▸ Problem to solve:
In the entries below, copy only the lines from the one that contains "Old Rectory Caldbeck (2)" through the last line, exactly, and omit any pictures.
++++ Source material ++++
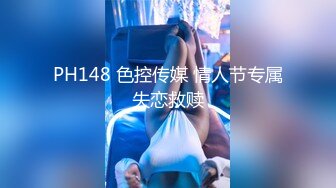 【精彩对白字幕】上门女按摩师自愿献身韩国痞子OF「sinfuldeeds」首约身材爆炸法俄混血女技师成功摸奶撸管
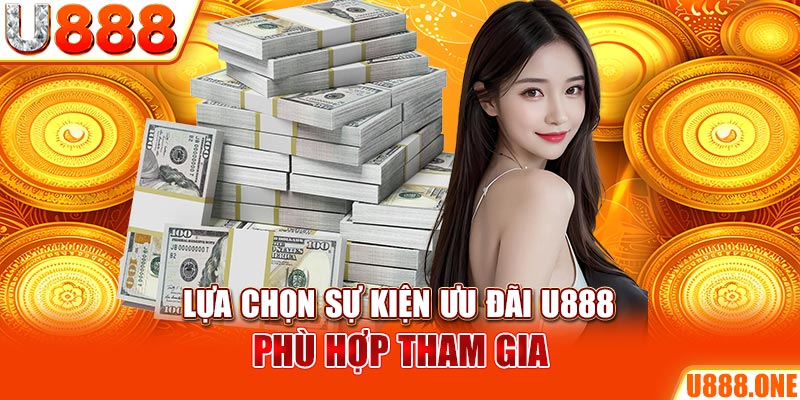 32win32 đăng nhập lô đề live
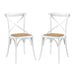 gear-dining-side-chair-set-of-2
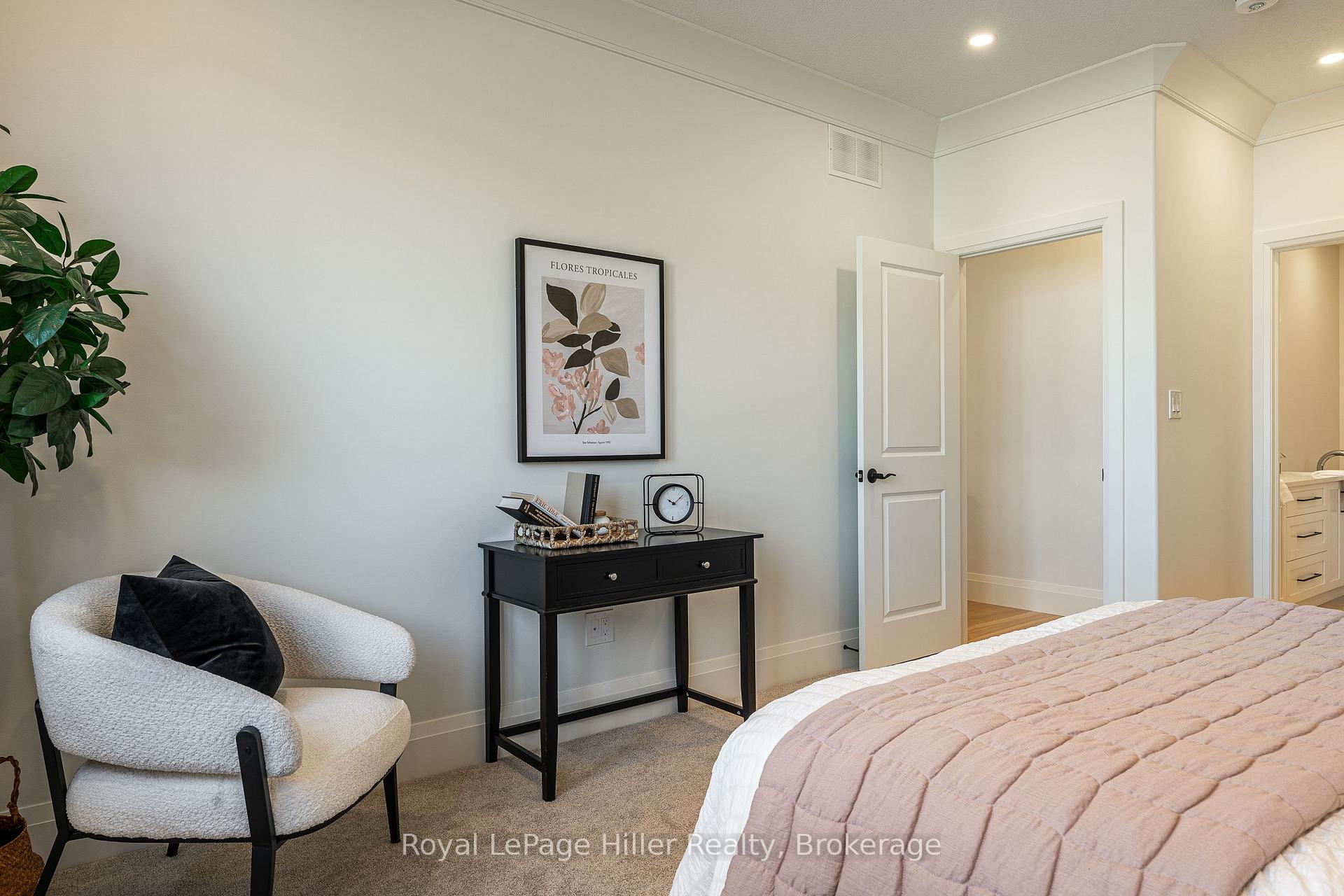 Photo 38 of 25 Avery Place, Perth East, Milverton — HOMEH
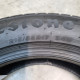 215/55R17 FIRESTONE DOT0425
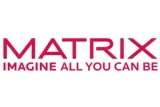 matrix-brass-off-szampon-300ml-stan-nowy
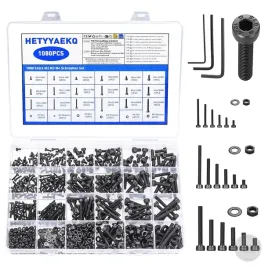 zestaw-srub-1080-el-m2-m3-m4-czarne-imbusowe-nakretki
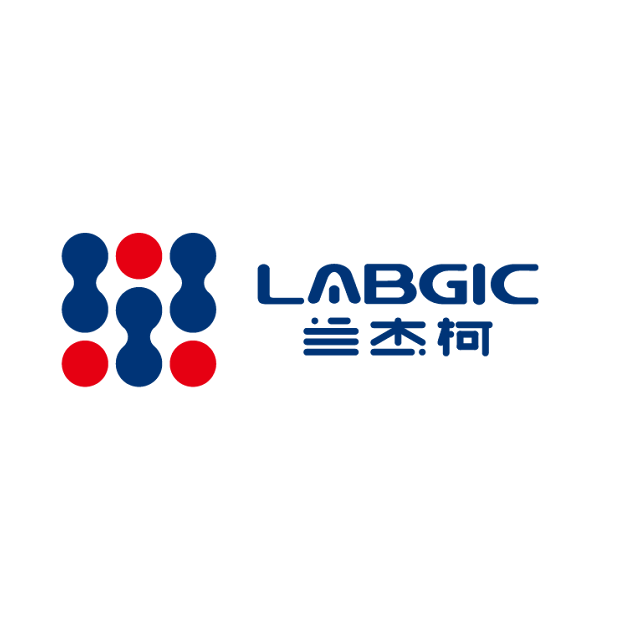 LABGIC.png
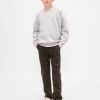 Jeans da carpentiere originali anni ’90 per bambini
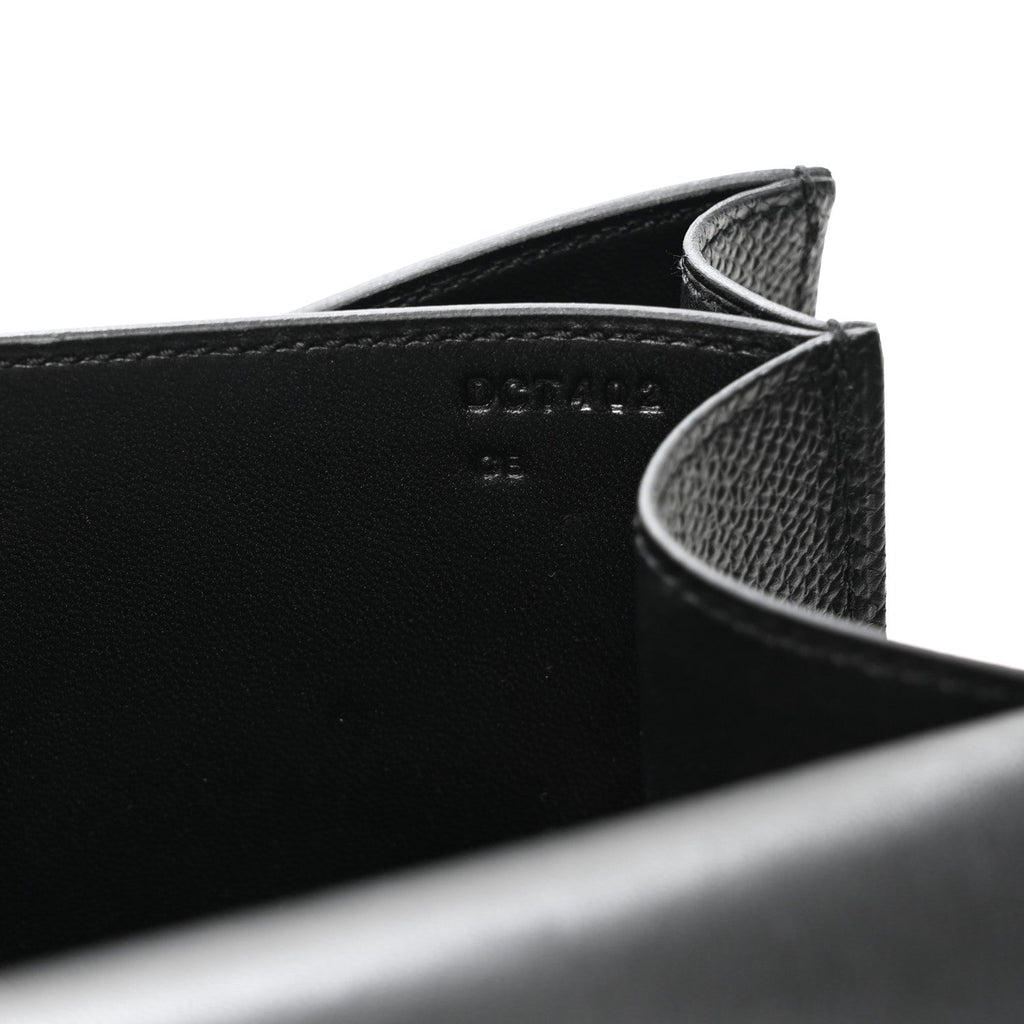 Epsom Constance 24 Black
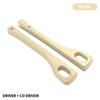1/2PCS Car Seat Gap Filler Leak-proof Filling Strip For Volkswagen Golf GTI MK1 MK2 MK3 MK4 MK5 MK6 MK7 MK8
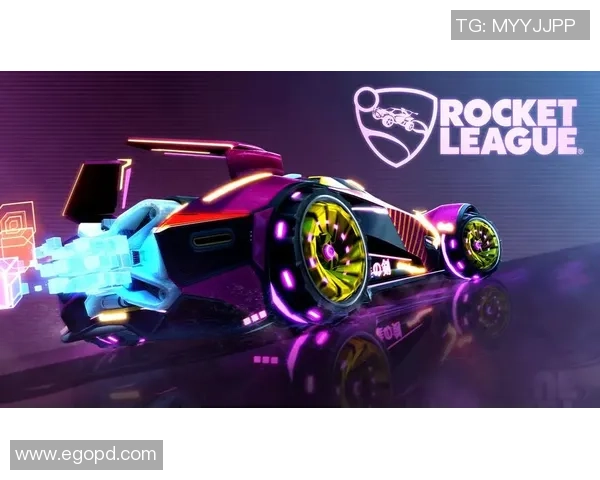 火箭联盟世界锦标赛揭秘足球与赛车的激情碰撞与精彩对决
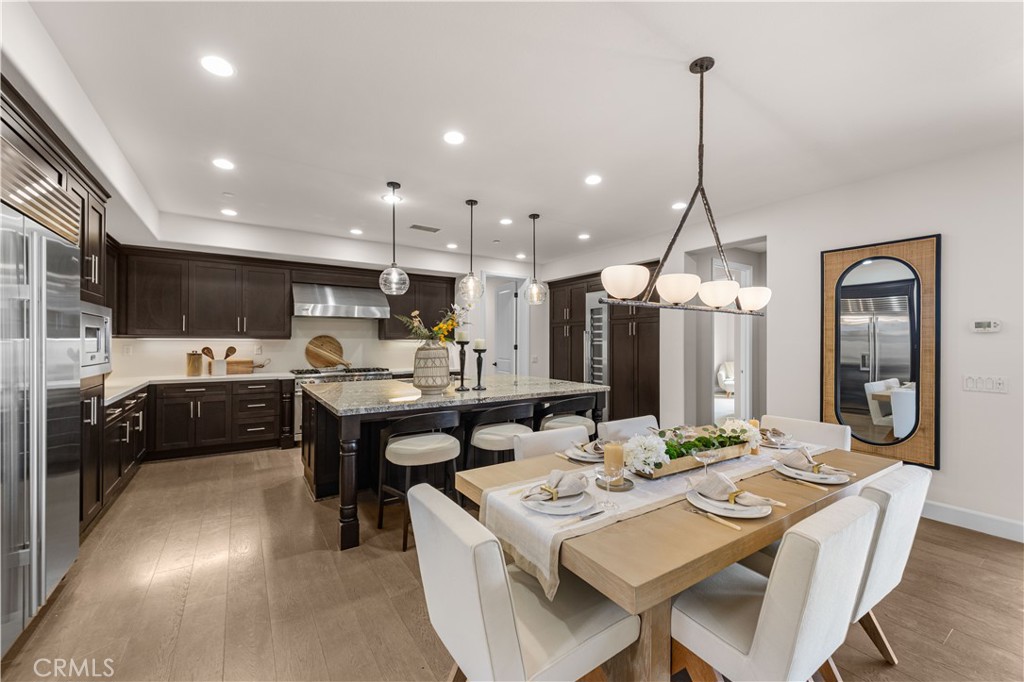 139 Sunset Property Photo 12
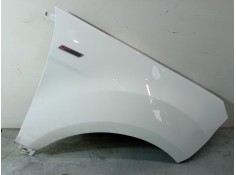 Recambio de aleta delantera derecha para ford ecosport 1.0 ecoboost referencia OEM IAM GN15N16015BA / 2205423  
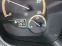 Обява за продажба на Mercedes-Benz Actros 26 45 EURO 6 ЗА ТРИЦИ ~87 480 лв. - изображение 2
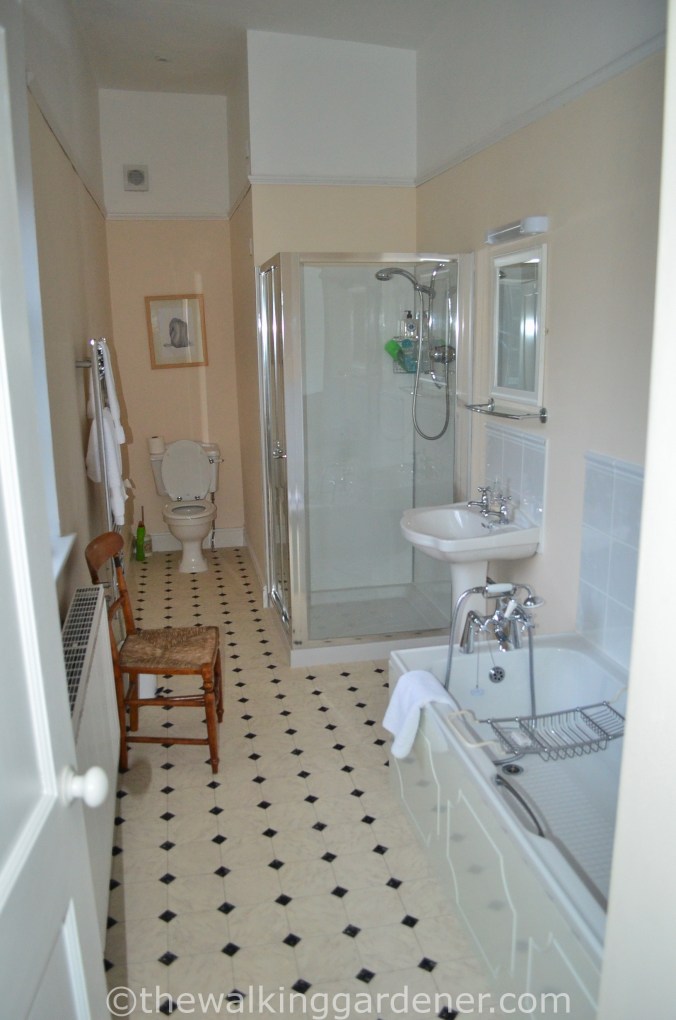 Old Rectory Caldbeck (2)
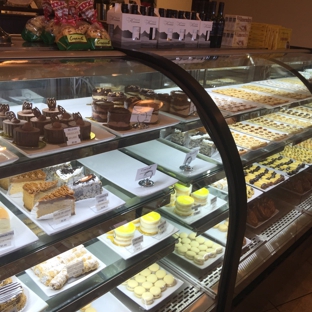 Crocante Cafe & Gourmet Bakery - Coral Springs, FL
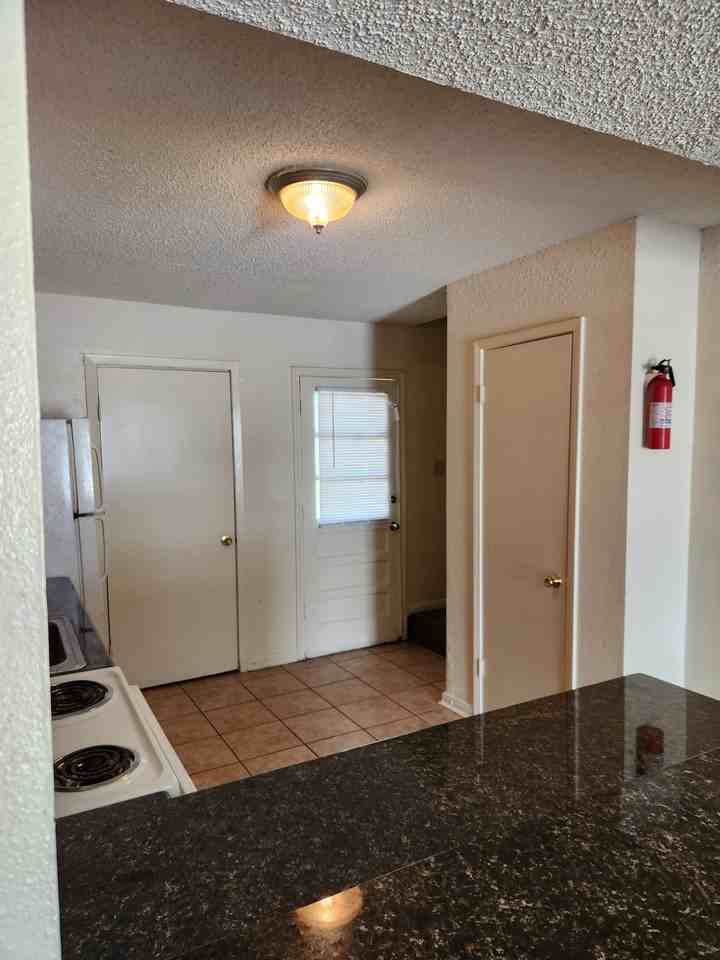 721 Hinyub Street #D - Photo 3 of 3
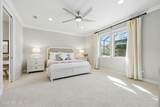 234 Tree Side Lane - Photo 27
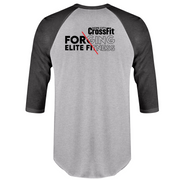 Mens Medium Vintageheather Vintage Smoke Style_T-Shirt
++++
▸ Solution to this exercise:
 Old Rectory Caldbeck (2)
 Crocante Cafe & Gourmet Bakery - Coral Springs, FL
 721 Hinyub Street #D - Photo 3 of 3
 234 Tree Side Lane - Photo 27
 Mens Medium Vintageheather Vintage Smoke Style_T-Shirt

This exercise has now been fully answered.